Toda ciudad posee una cartografía sentimental trazada sobre sus rincones más perdurables: el café donde varias generaciones debatieron sobre el mundo, la pizzería que se volvió sinónimo de domingo, el bar que atesora en sus paredes las cicatrices del tiempo. Son anclas de la memoria colectiva, espacios donde el sabor se entrelaza con la biografía de un pueblo.
Villa Carlos Paz, sin embargo, presenta una paradoja fascinante y reveladora: en su bullicioso y siempre renovado tejido urbano, es casi imposible encontrar un establecimiento gastronómico que haya superado el umbral del medio siglo.
No existen los bares notables de otras latitudes. Los fantasmas de confiterías icónicas como el «Lagosierras» o «Matilde» son apenas susurros en el recuerdo de los más antiguos, devorados por una modernidad que no admite la nostalgia. ¿Por qué una ciudad tan exitosa padece de esta amnesia del sabor? ¿Qué dice esta ausencia sobre su verdadera identidad?
La Volanta, que marcó historia como reducto del mundo del rally.
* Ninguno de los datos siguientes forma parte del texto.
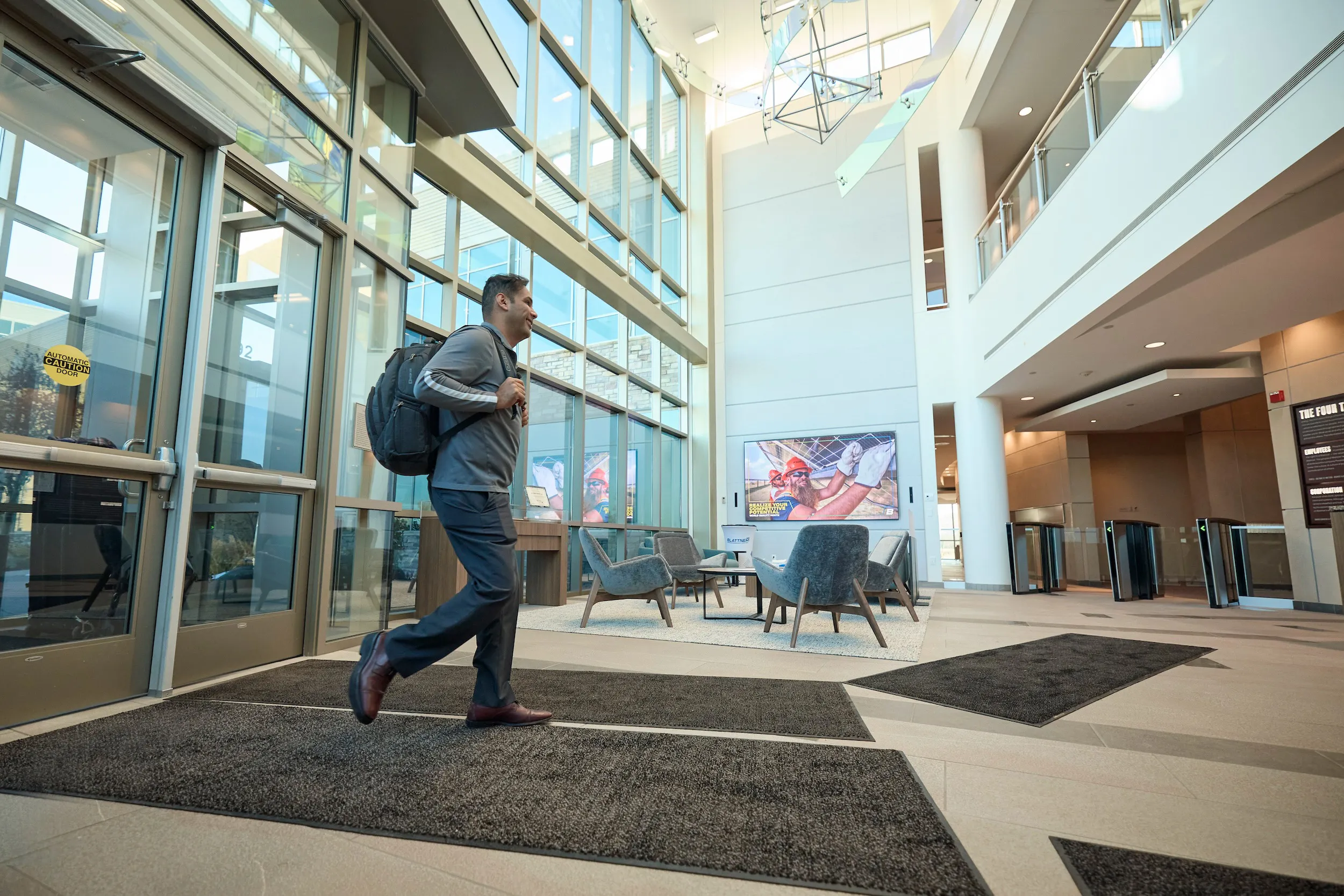 Project manager William Kinman at Blattner Energy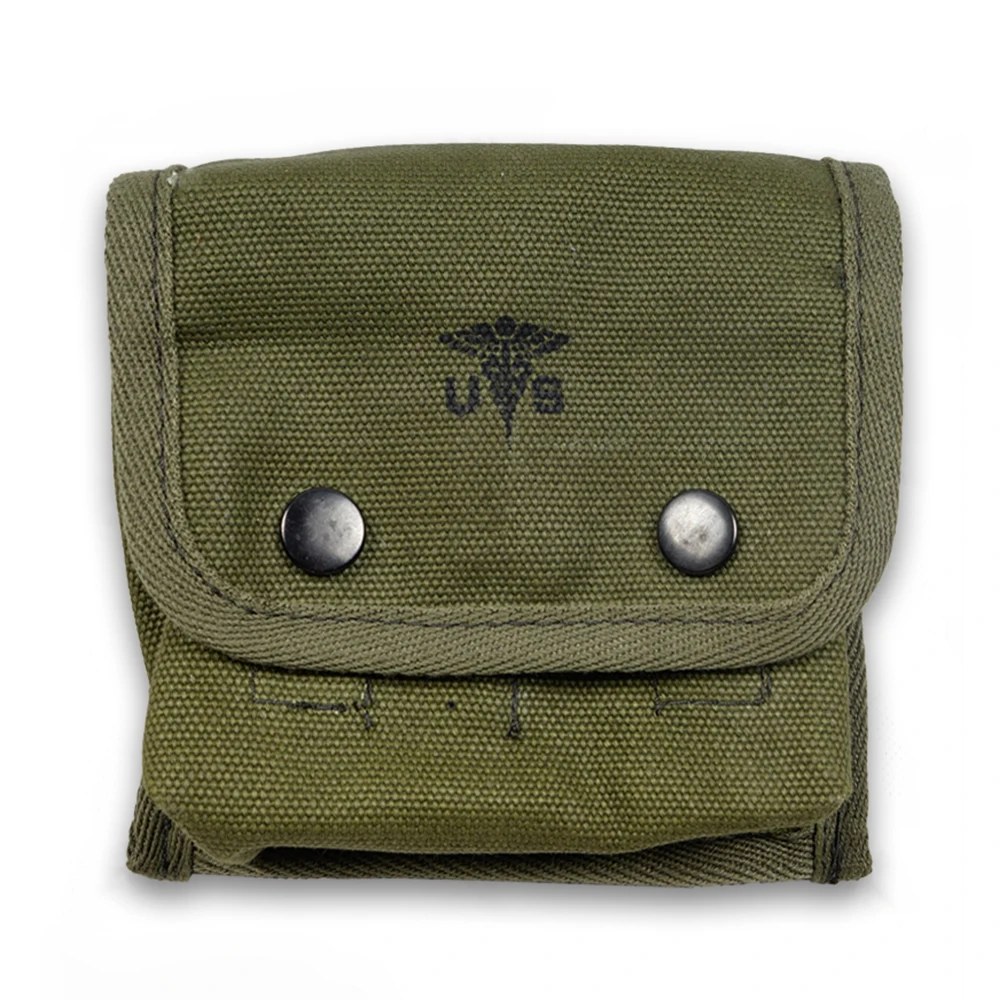 WWII WW2 US ARMY M2 JUNGLE FIRST AID KIT POUCH M1945 OUTDOOR FIELD FIRST-AID KIT With Hook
La respuesta es un complejo entramado donde el motor de su éxito —el turismo— es también el verdugo de su memoria. Carlos Paz no es una ciudad que sedimenta su historia; es una que la reinventa cada verano. Su ADN está codificado con la lógica de la temporada, una demanda voraz de novedad que obliga a los negocios a una metamorfosis constante. El paladar del turista de 1975 no es el de 2025, y en esa carrera por satisfacer el gusto efímero, la tradición se convierte en un lastre. Un local no puede permitirse el lujo de envejecer; debe mutar, franquiciarse, redecorarse o, simplemente, desaparecer para ceder su espacio a la próxima tendencia. La permanencia, en este ecosistema, es una forma de fracaso.
A esta dinámica se suma el vértigo del cemento. El valor del metro cuadrado en una de las plazas turísticas más importantes del país ha actuado como una fuerza geológica, demoliendo sin piedad cualquier vestigio de arquitectura modesta o de negocios familiares con baja rentabilidad. Un pequeño café, por más entrañable que fuese, no podía competir contra la promesa de una torre de departamentos o una galería comercial. La ciudad, en su crecimiento explosivo, optó por la plusvalía antes que por la permanencia, sacrificando los cimientos de su propia historia gastronómica en el altar del progreso inmobiliario. No hubo políticas de protección ni un clamor popular por preservar esos espacios, quizás porque la propia comunidad ha internalizado que la esencia de Carlos Paz reside en su capacidad de ser siempre nueva.
Finalmente, esta ausencia nos habla de una identidad cimentada en lo efímero, en el presente perpetuo de la postal turística. La ciudad se define por el espectáculo, por el aquí y ahora de las vacaciones, y no por el peso de un legado que deba ser custodiado.
Los negocios no echan raíces profundas porque sus clientes tampoco lo hacen. Son amores de verano, intensos pero fugaces. Quizás, la verdadera tradición de Villa Carlos Paz sea, paradójicamente, la de no tener tradiciones pétreas, la de ser un escenario en constante desmontaje y reconstrucción. Y en esa fragilidad, en esa incapacidad para retener el sabor de ayer, reside el secreto de su eterno poder de seducción y, al mismo tiempo, su más íntima melancolía.